Известно, что сам Маяковский считал, что «научить» кого-либо поэтическому искусству невозможно (см. его статью «Как делать стихи?»).
Импонировавшая вначале Маяковскому антибуржуазная фразеология Бурлюка и так называемый «антиэстетизм» были на самом деле буржуазной идеологией и эстетизмом наизнанку.
Маяковский вскоре охладел к Бурлюку. На вопрос своего товарища по партии Вегера, «что такое Бурлюк и ему подобные», Маяковский ответил, что это «предприниматель, подрядчик: я работаю, а он антрепренер, я пролетарий, а он богач» (В. И. Вегер. — ГММ).

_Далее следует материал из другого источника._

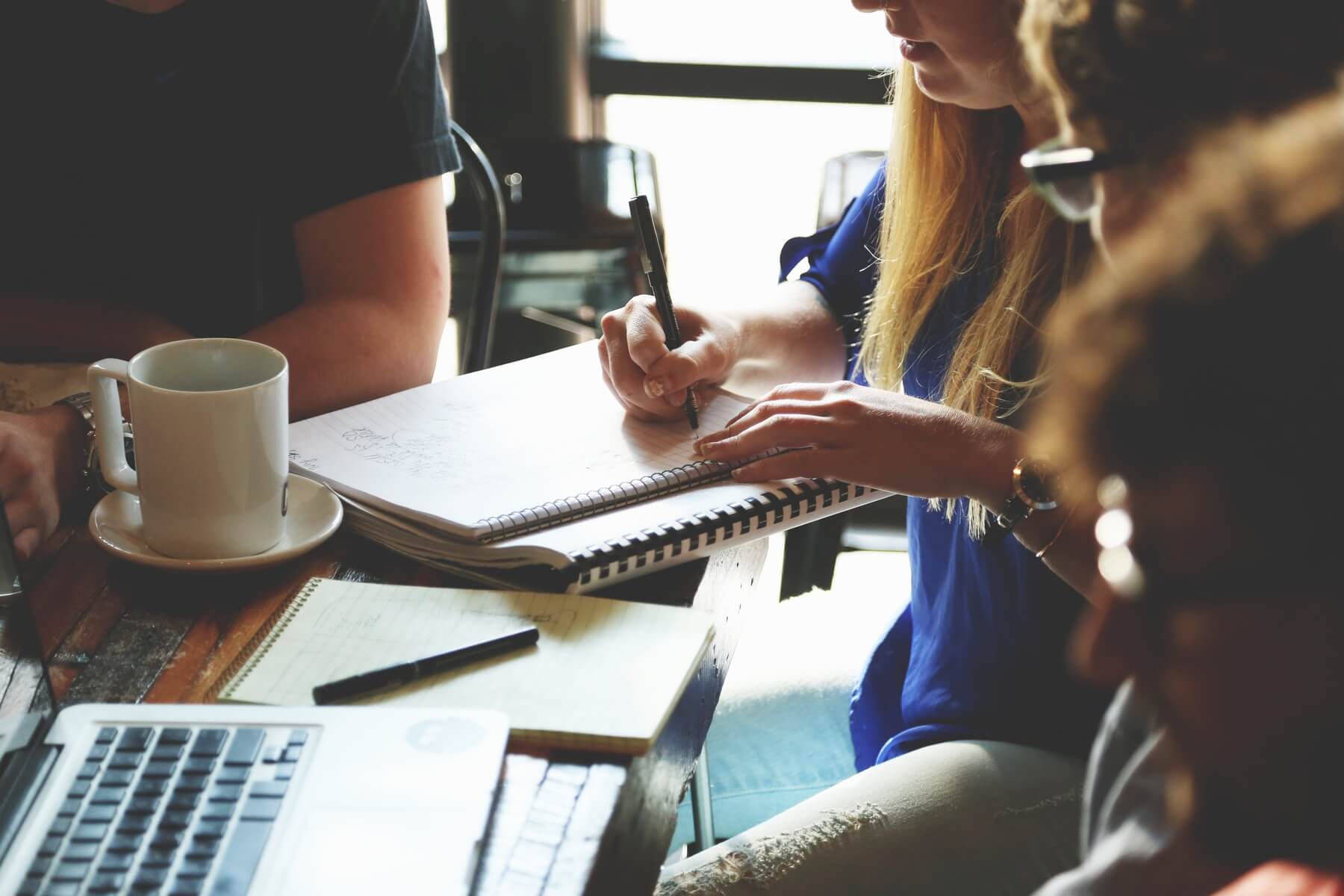 5 Ways Technology Has Improved Business Today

«Когда Володя вернулся из Америки и зашел к нам на Пресню, сестра Ольга Владимировна спросила его: «А как там поживает Бурлюк?» — Володя, усмехнувшись, ответил: «Он теперь уже не Бурлюк, а Бурдюк» (Стенограмма воспоминаний Л. В. Маяковской. — ГММ).
Под флагом борьбы с «застоем искусства» Бурлюк с необычайной легкостью озлобленного буржуазного обывателя оплевывал всех лучших представителей русской национальной культуры. «Ваятель будущего, на многие годы, на всю жизнь, на все времена», как громогласно афишировал он самого себя, Бурлюк вскоре после Октябрьской революции уехал в Соединенные Штаты Америки. И там, спекулируя именем Маяковского, Бурлюк в своих изданиях, выдержанных в стиле буржуазной рекламы, представлял Маяковского как футуриста, стремясь снизить великого поэта революции до своего уровня. В 1956 году этот «ваятель будущего», раболепствуя перед буржуа, изливал свою душу в печати: «Мы благодарны нашему богу за то, что он помог нам и спас нас… За тихую, счастливую, творческую жизнь в США».
Известный советский ученый литературовед Е. И. Наумов, опровергая бытовавшую легенду о плодотворности встреч Маяковского с Бурлюком, писал о «ваятеле»-эмигранте: «Этот эстет и коммерсант в искусстве, несмотря на сочувственные слова Маяковского о нем, мог играть лишь отрицательную роль в идейной эволюции поэта» (В. В. Маяковский. «Семинарий». Издание четвертое. Л., Учпедгиз, 1963, стр. 35).
…завез к себе в Новую Маячку. — Имение графа Мордвинова, в котором управляющим был отец Д. Д. Бурлюка.